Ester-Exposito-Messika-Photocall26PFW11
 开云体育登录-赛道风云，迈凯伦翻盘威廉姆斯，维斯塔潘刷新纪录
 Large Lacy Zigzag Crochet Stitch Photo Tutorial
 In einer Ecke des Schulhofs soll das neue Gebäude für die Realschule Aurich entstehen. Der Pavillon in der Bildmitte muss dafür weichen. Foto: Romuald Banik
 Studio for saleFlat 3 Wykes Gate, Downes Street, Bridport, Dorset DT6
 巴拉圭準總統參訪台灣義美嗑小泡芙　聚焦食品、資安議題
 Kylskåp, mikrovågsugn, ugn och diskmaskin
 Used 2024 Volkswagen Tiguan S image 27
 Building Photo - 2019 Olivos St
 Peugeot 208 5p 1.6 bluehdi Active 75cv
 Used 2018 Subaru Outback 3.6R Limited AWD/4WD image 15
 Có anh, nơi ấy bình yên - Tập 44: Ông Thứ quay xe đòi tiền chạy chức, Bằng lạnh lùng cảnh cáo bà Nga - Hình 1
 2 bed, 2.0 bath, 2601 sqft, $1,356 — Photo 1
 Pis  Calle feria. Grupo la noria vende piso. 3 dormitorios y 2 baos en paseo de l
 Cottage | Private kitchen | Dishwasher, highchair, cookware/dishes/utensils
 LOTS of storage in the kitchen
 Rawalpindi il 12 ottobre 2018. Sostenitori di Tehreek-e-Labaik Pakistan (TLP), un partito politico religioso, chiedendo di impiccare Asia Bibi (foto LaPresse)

_WORK TO COMPLETE:_ Look above for the line with "Used 2024 Volkswagen Tiguan S image 27" and the line with "LOTS of storage in the kitchen"; transcribe both and all lines in between, exactly, and nothing else.

_ANSWER BELOW:_
 Used 2024 Volkswagen Tiguan S image 27
 Building Photo - 2019 Olivos St
 Peugeot 208 5p 1.6 bluehdi Active 75cv
 Used 2018 Subaru Outback 3.6R Limited AWD/4WD image 15
 Có anh, nơi ấy bình yên - Tập 44: Ông Thứ quay xe đòi tiền chạy chức, Bằng lạnh lùng cảnh cáo bà Nga - Hình 1
 2 bed, 2.0 bath, 2601 sqft, $1,356 — Photo 1
 Pis  Calle feria. Grupo la noria vende piso. 3 dormitorios y 2 baos en paseo de l
 Cottage | Private kitchen | Dishwasher, highchair, cookware/dishes/utensils
 LOTS of storage in the kitchen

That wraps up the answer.